Iconography of the Sacred Marriage Rites from Mesopotamia on display at the Pergonnan Museum in Berlin.

The Sacred Marriage Rites were performed on the top of the ziggurats at the dawn of civilization in ancient Sumer and continued into the Holy of the Holies inner chamber of Solomon’s Temple. Hughes Payans, direct descendent of the Knights Templar Founder, has confirmed that the symbol of the hieros gamos, the six-pointed star consisting of the upper and lower triangles interlocking, was displayed at the portal of the Holy of the Holies. The icon of the hieros gamos is also the icon of the Age of Aquarius where Heaven and Earth are integrated through the human body.

The prominent Mesopotamian scholar Noah Samuel Kramer wrote a book in 1963 entitled The Sacred Marriage Rite: Aspects of Faith, Myth and Ritual in Ancient Sumer which translates the Sumerian hymns recording the rituals and mythology of this religious rite.

In order to care for the life of all the lands,
The exact first day of the month is closely examined
And on the day of the disappearance of the moon,
On the day of the sleeping of the moon,
The me are perfectly carried out
So that the New Year’s Day, the day of rites,
May be properly determined,
And a sleeping place be set up for Inanna.

The queen bathes her holy loins,
Inanna bathes for the holy loins of Dumuzi,
She washes herself with soap.
She sprinkles sweet-smelling cedar oil on the ground.
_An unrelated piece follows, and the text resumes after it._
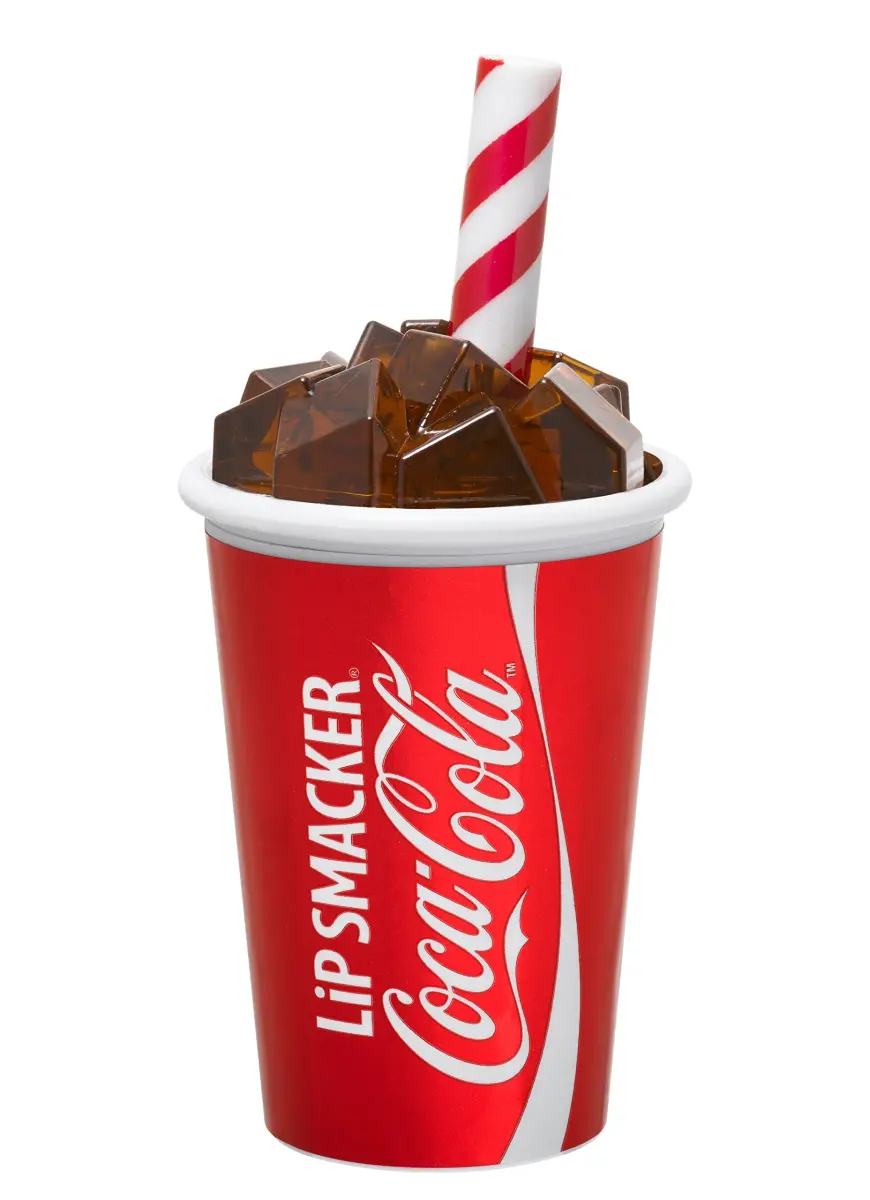 Lip Smacker Coca Cola Lip Balm Stick | Moisturizing, Collectible Cup Design, Sheer Finish for Smooth Lips (7.37g / 0.26oz) - main product image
The king goes with lifted head to the holy loins,
Dumuzi goes with lifted head to the holy loins of Inanna.
He lies down beside her on the bed.
Tenderly he caresses her, murmuring words of love:
“Oh my holy jewel! O my wondrous Inanna!”

After he enters her holy vulva, causing the queen to rejoice,
After he enters her holy vulva, causing Inanna to rejoice,
Inanna holds him to her and murmurs:
“Oh Dumuzi, you are truly my love!”
The king bids the people enter the great hall.
The people bring food offerings and bowls.
They burn juniper resin, perform laving rites,
And pile up sweet-smelling incense.

The king embraces his beloved bride,
Dumuzi embraces Inanna.
Inanna, seared on the royal throne, shines like daylight.
The king, like the sun, shines radiantly by her side.
He arranges abundance, lushness, and plenty before her.
He assembles the people of Sumer.

The musicians play for the queen:
They play the loud instrument which drowns out the storm,
They play the sweet algar-instrument,
the ornament of the palace,
They play the stringed instrument which
brings joy to all the people,
They play songs for Inanna to rejoice in the heart.
The king reaches out his hand for food and drink,
Dumuzi reaches out his hand for food and drink.
The palace is festive. The king is joyous.
In the pure clean place, they celebrate Inanna in song.
She is the ornament of the assembly, the joy of Sumer!

The people spend the day in plenty.
The king stands before the assembly in great joy.
He hails Inanna with the praises of the gods and the assembly:
“Holy Priestess! Created with the heavens and earth,
Inanna, First Daughter of the Moon, Lady of the Evening!
I sing your praises!”

My Lady looks in sweet wonder from heaven.
The people of Sumer parade before the holy Inanna.
The Lady Who Ascends into the Heavens, Inanna is radiant.